*** Opening PROVIDED DATA ***

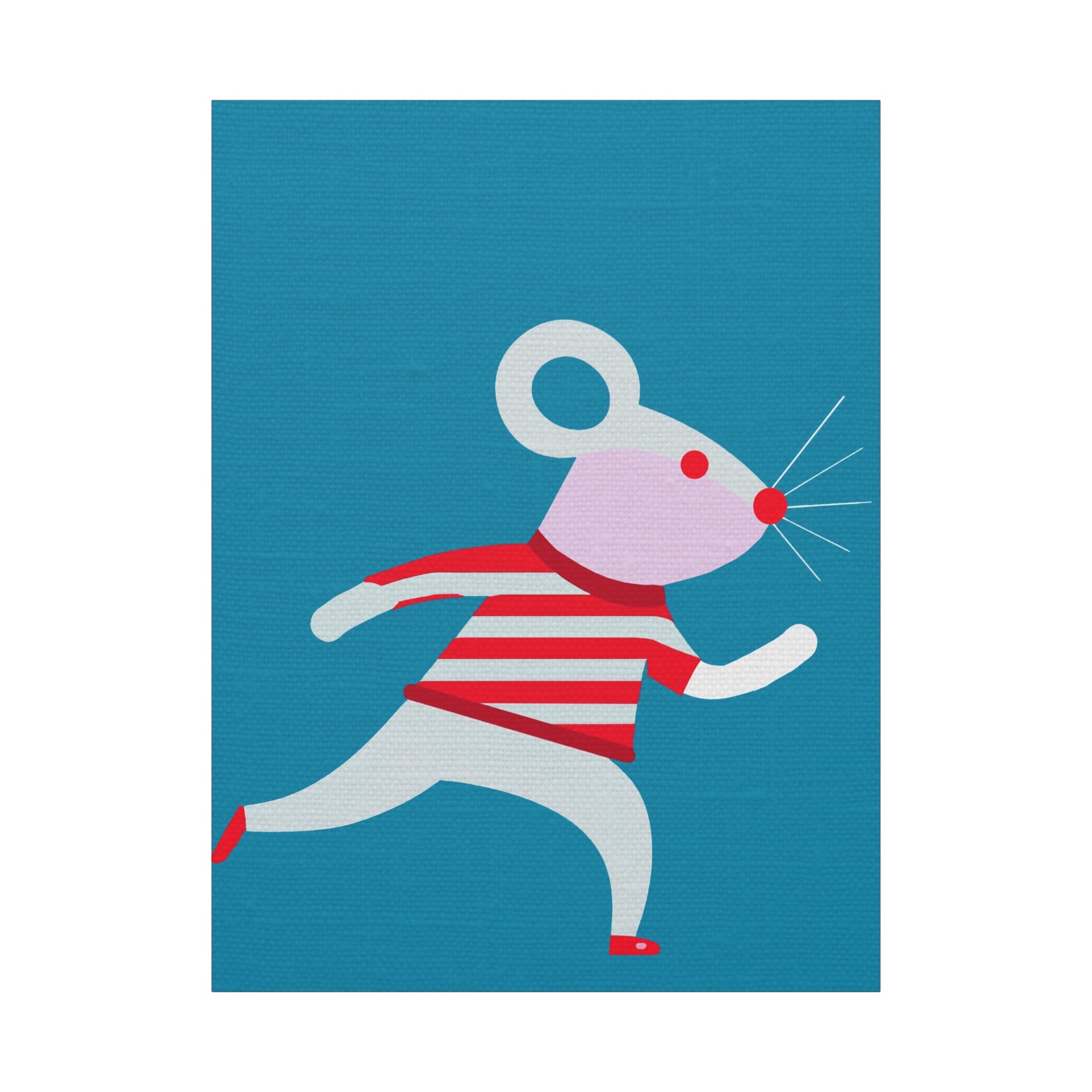 Midwest Modern Running Mouse Print - Matte Canvas, Stretched, 1.25" - nursery, wall decor, fun art, stripes, bold, kids decor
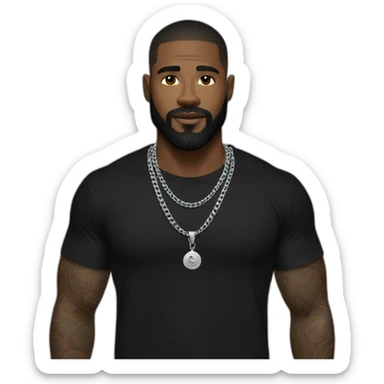 A strong white man with beard wearing men silver chain,styled on a black Full sleeve tshirt sticker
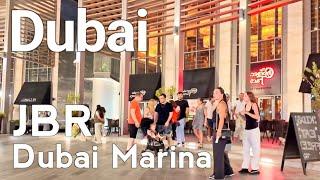 Dubai [4K] JBR (Jumeirah Beach Residence) Dubai Marina Summer Night Walking Tour 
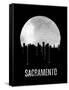 Sacramento Skyline Black-null-Framed Stretched Canvas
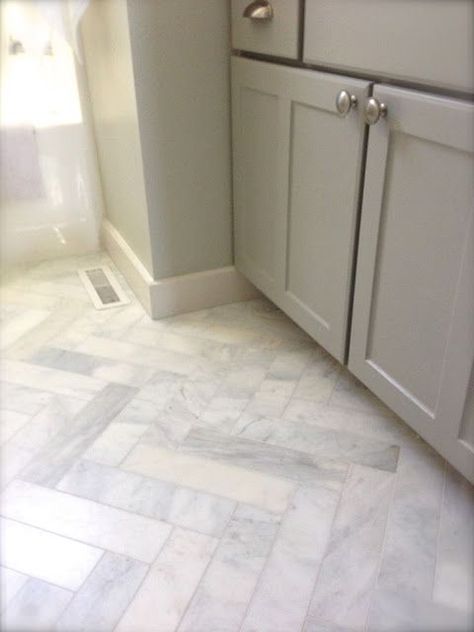 marble 3x12 herringbone floors. I think this is similar to what my floors will look like! 4x12 gray herringbone pattern!! Marble Bathroom Floors, Marble Bathroom Designs, Girl Bathroom, Marble Bathroom Floor, Bathroom Floors, Bath Renovation, Bad Inspiration, Herringbone Floor, Herringbone Tile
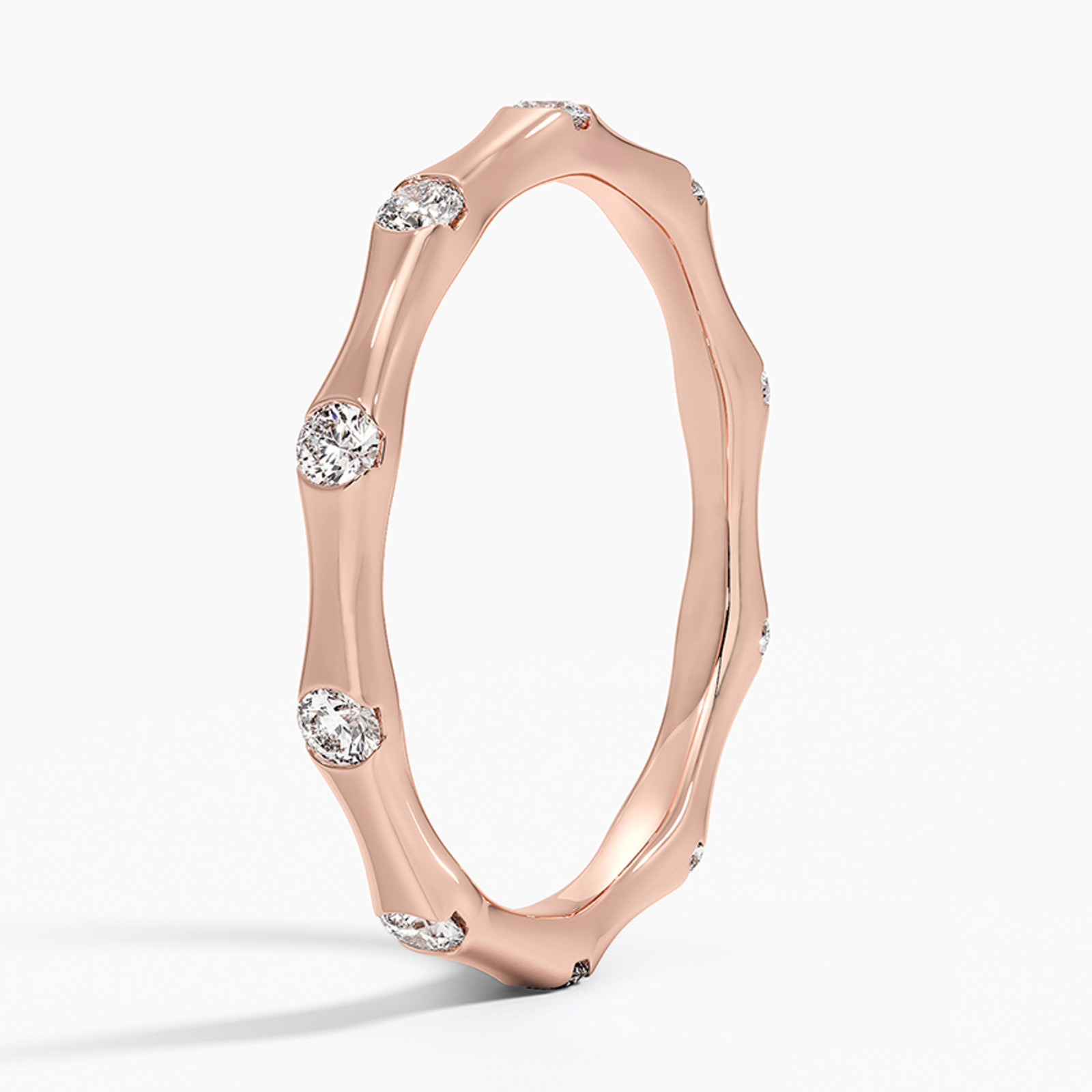 14K Gold Full Eternity Minimalist Bamboo Ring, Thin Gold Nature Inspired Ring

*** Closing PROVIDED DATA ***

**WHAT TO WORK ON:** Retype the lines exactly. Begin at the one that holds "marble 3x12 herringbone", stop at the last line of the entries above, and drop the pictures.

**YOUR SOLUTION:**
 marble 3x12 herringbone floors. I think this is similar to what my floors will look like! 4x12 gray herringbone pattern!! Marble Bathroom Floors, Marble Bathroom Designs, Girl Bathroom, Marble Bathroom Floor, Bathroom Floors, Bath Renovation, Bad Inspiration, Herringbone Floor, Herringbone Tile
 14K Gold Full Eternity Minimalist Bamboo Ring, Thin Gold Nature Inspired Ring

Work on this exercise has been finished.